Did these ‘trick people’ actually pass the ceremonial flame to each other or
was that also conveniently set aside? I didn’t see it happen and the audience
didn’t see it for me, because neither of us were there.
Of course
there is always trickery. I know that. I’m not that much of a fool. The Queen
didn’t really skydive into the London Stadium in 2012. There are always tricks.
But what I am saying is that, on at least some primitive level, the presence of
an audience seems to make some level of gentle duplicity acceptable. Like with
Strictly or the Sky-Diving Queen. On Friday, the absence of that same audience
made certain moments seem somehow sneakier and more underhand.
That’s a
negative example of the importance of an audience. Let me give you a more positive
one in conclusion. Back we come to Celine Dion. She was utterly fabulous, and
this opinion is coming from someone who wouldn’t really have given two hoots
about her in previous years. So why did I care now? Two reasons. Firstly, I
knew something of her backstory. I knew a little of what she has suffered in
recent years, and I knew a little of what it had taken to get her to this magical
place, to sing her amazing song. And secondly, there was an audience to witness
her live performance on my behalf and to react as I might have reacted had I actually
been there. Compare this to the performance of Axelle Saint-Cirel from the top
of the Grand Palais. Her rendition of La Marseillaise was right up there, and arguably even beyond, Celine’s
wondrous turn. It was amazing. But she was all alone on that deserted roof,
just her and the millions of us sitting here at home. As a result, it wasn’t
the same.
As the
final host of Olympic flame carriers made their way through the quiet city, it
was almost as if everyone had given up and gone home to bed. Then, more than
ever, we needed the crowd to be excited on our behalf.
This is
just a point of view. I’m not even sure if I believe it myself. Like I said, I’m
wrong far more than 50% of the time. The Paris opening ceremony was great, but
it foundered a bit in the rain and in the extraordinary overrunning of many of its
key sections. These things played a part in the difficulties it had.
I just
think that the audience, by not being more of a part of it, was a part of that too.
1 comment:
You know I didn’t even know the Olympics had started. Seriously. I read Google News every morning but nothing jumped out at me. Or maybe I think I’ve read it because I usually read it because I can’t actually remember the last news story I read. It might’ve been Biden stepping down. How long ago was that? We never watch TV or radio news and I haven’t bought a newspaper in, Christ!, forty years, not even the local rag. This is not new. I’ve never been someone who needs to know what’s going on.

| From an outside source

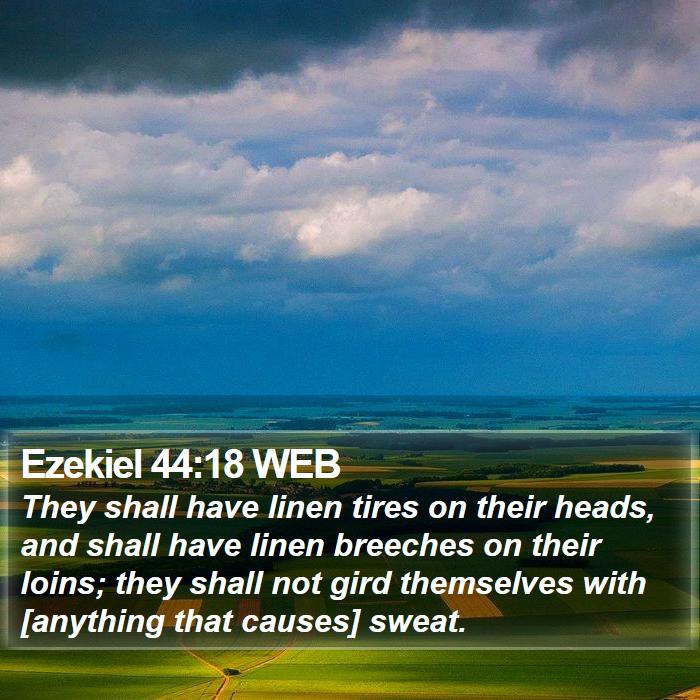 Ezekiel 44:18 WEB Bible Study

I also can’t remember the last time I watched any of the Olympics. Decades probably. Just not a big sports fan and too much else demanding my attention. Watched it as a kid but what else was there to watch? Liked the gymnastics and athletics but didn’t sit on the edge of my seat cheering on Team UK or whatever we called them back in the day. Same goes for football and rugby and I just never got cricket. My dad (who grew up in England) watched with my sister (who didn’t) but I could never get into it or see the point. At least with baseball there’s a bit of excitement.